La sanction tombe à la découverte de l’appareil, sans discussion

La réglementation française frappe fort depuis le dernier tour de vis : la seule présence d’un appareil interdit dans l’habitacle, même éteint, constitue une infraction grave. Le contexte est clair, les contrôles sont menés sur tout le territoire, sans besoin de prouver l’utilisation en roulant.
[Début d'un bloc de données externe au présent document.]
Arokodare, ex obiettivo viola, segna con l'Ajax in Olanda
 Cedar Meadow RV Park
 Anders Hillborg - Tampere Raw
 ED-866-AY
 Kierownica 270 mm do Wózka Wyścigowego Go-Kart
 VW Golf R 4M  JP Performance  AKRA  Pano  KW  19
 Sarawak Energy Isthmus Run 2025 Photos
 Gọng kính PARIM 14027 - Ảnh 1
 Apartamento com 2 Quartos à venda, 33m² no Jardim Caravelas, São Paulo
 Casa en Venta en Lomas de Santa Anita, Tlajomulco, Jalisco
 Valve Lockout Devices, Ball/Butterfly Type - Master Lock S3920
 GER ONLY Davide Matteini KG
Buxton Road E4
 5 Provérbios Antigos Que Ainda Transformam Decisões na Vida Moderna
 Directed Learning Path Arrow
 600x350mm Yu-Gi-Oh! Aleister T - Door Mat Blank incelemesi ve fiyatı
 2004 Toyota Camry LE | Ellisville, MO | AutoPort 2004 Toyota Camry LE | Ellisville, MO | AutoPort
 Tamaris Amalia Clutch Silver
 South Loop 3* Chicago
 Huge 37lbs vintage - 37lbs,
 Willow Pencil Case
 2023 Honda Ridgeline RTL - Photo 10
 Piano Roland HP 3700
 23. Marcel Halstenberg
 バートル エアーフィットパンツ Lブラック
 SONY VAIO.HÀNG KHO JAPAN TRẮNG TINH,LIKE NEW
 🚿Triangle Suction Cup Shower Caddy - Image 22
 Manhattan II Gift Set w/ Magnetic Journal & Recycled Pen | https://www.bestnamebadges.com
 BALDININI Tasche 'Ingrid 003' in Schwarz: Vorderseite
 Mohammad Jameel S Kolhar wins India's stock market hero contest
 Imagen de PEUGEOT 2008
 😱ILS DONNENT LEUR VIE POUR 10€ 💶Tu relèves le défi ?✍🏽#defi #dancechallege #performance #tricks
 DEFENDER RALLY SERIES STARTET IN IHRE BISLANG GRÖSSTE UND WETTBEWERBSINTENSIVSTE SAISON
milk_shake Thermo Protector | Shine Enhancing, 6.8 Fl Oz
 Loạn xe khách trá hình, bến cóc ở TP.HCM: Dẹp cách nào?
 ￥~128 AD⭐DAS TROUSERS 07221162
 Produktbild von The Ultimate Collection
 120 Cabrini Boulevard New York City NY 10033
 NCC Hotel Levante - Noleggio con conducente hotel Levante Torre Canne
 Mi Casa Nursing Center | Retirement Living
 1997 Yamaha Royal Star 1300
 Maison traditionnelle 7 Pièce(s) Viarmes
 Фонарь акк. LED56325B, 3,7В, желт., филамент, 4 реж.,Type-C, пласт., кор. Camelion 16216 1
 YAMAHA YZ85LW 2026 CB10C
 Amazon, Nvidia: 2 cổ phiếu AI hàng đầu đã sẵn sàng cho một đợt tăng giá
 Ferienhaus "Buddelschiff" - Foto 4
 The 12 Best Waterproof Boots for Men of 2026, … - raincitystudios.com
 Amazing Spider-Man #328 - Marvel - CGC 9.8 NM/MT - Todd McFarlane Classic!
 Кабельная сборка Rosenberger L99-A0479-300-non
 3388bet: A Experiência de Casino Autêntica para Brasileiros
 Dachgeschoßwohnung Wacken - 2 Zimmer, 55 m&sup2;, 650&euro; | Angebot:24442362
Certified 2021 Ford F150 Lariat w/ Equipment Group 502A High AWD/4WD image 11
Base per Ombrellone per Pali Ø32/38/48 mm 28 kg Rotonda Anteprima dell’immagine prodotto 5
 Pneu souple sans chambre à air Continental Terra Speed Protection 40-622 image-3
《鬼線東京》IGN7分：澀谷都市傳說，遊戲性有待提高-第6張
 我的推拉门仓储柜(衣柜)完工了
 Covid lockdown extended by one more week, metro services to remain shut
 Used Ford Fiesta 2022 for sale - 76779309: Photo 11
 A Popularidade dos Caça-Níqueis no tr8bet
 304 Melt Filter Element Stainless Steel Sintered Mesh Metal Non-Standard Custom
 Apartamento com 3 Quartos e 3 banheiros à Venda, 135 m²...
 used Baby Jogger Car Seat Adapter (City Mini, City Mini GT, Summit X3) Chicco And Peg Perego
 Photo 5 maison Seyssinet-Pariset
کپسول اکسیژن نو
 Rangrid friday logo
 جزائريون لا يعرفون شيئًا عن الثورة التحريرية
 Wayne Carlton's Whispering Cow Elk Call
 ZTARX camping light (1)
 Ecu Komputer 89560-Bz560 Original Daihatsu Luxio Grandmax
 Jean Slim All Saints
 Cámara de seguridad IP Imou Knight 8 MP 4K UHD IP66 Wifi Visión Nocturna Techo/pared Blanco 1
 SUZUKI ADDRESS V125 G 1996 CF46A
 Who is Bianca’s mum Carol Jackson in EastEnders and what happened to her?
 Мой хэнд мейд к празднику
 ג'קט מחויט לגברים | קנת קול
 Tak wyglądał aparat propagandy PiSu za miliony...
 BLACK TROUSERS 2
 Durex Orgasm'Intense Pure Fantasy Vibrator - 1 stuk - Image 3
Les chiffres officiels font état d’une contravention de cinquième classe, soit 1 500 € d’amende, pouvant doubler en cas de récidive. Un retrait de deux points sur le permis est appliqué, avec possible suspension allant jusqu’à trois ans. L’appareil est saisi sur-le-champ, et dans certains cas, le véhicule peut même être confisqué.
Pourquoi la loi ne fait aucune distinction : sécurité collective avant tout
L’objectif des forces de l’ordre est simple : empêcher toute tentative de contournement ou d’entrave au contrôle routier. La détention est assimilée à une volonté de frauder ou d’échapper à la règle, d’où la tolérance zéro défendue par l’article R413-15 du Code de la route.
Ces dispositifs sont accusés d’encourager les excès de vitesse et les freinages brusques, générant des variations dangereuses et des risques d’accidents en série. Les autorités rappellent aussi que les brouilleurs dérégulent certains systèmes critiques comme les GPS d’urgence ou les communications aériennes.
« On ne tolère pas la présence de ces objets dans les voitures, la sécurité de tous est en jeu » témoignage d’un agent de contrôle*
GPS et applications légales : ce qui reste autorisé

Les applications de navigation sur smartphone, ainsi que les GPS intégrés en usine, continuent d’être tolérés. Elles n’émettent pas d’ondes perturbatrices et n’interfèrent pas avec les radars ni les communications d’urgence. Pour rester dans les clous, il suffit de les utiliser sur un support fixe, avec le mode vocal activé.
Comment éviter les infractions et sécuriser sa conduite
Pensez à vérifier tout équipement électronique embarqué lorsque vous achetez ou louez un véhicule, notamment si l’installation d’appareils a été réalisée par un précédent propriétaire. Préférez les accessoires homologués et informez-vous régulièrement sur les mises à jour du Code de la route.
Tout comme le fait de installer une caméra vers la rue devant chez soi : la loi interdit toute captation, même pour sécuriser sa maison, la possession d’un détecteur de radar dans votre voiture peut entraîner de lourdes amendes, même sans usage.
Tout comme posséder un détecteur de radar peut engendrer une lourde amende, saviez-vous que vous faites ces 7 erreurs au jardin ? L’amende cachée de 750 € vous guette (article du code et pièges réels), selon certaines règles méconnues ?
Pour un usage légal et sûr, choisissez des équipements clairement identifiés et respectez toujours les règles d’utilisation recommandées. Ne tentez pas de manipuler ou d’installer des dispositifs douteux, même « juste en cas » : l’absence d’usage ne protège pas du risque de sanction.
| Équipement | Légal ? | Sanction en cas de détention |
|---|---|---|
| GPS intégré / smartphone (mode guidage) | Oui | Aucune |
| Détecteur de radar | Non | 1 500 € + 2 points + saisie |
| Brouilleur de fréquence | Non | 1 500 € + 2 points + saisie |
Cette règle choque de nombreux automobilistes, y compris les plus prudents. Les sanctions peuvent tomber sans même avoir franchi une ligne blanche. Et vous, avez-vous déjà été contrôlé pour un équipement interdit que vous pensiez anodin ? Le débat reste ouvert, partagez vos avis ou histoires, et transmettez cette info aux proches concernés !
*Les personnes interrogées ont souhaité conserver l’anonymat.